Material for the task |
========================
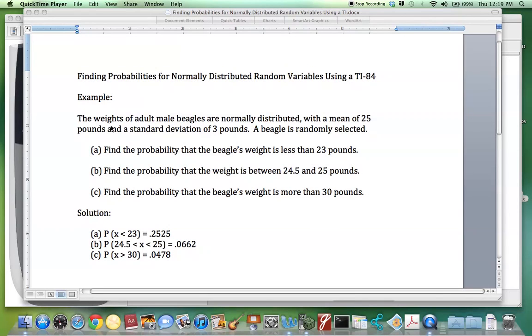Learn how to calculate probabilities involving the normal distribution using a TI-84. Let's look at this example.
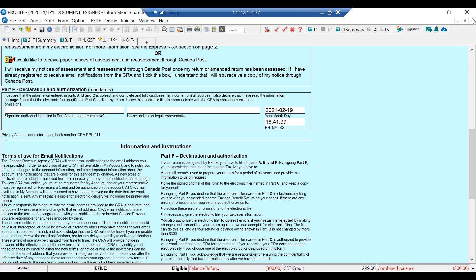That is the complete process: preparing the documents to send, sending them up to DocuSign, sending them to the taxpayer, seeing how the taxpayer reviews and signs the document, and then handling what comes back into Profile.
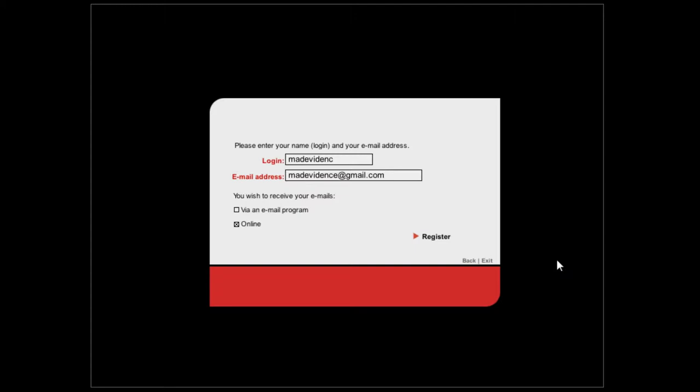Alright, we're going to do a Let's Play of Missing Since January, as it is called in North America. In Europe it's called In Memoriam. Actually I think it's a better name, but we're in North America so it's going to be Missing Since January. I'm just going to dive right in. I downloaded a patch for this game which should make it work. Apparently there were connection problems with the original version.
========================
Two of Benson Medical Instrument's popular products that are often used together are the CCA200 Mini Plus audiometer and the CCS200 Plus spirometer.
========================
Task statement |
A clean copy is needed of the lines above from the one with "Learn how to" up to and including the one with "Alright, we're going". Please set it down exactly, with no pictures.

Answer |
Learn how to calculate probabilities involving the normal distribution using a TI-84. Let's look at this example.
That is the complete process: preparing the documents to send, sending them up to DocuSign, sending them to the taxpayer, seeing how the taxpayer reviews and signs the document, and then handling what comes back into Profile.
Alright, we're going to do a Let's Play of Missing Since January, as it is called in North America. In Europe it's called In Memoriam. Actually I think it's a better name, but we're in North America so it's going to be Missing Since January. I'm just going to dive right in. I downloaded a patch for this game which should make it work. Apparently there were connection problems with the original version.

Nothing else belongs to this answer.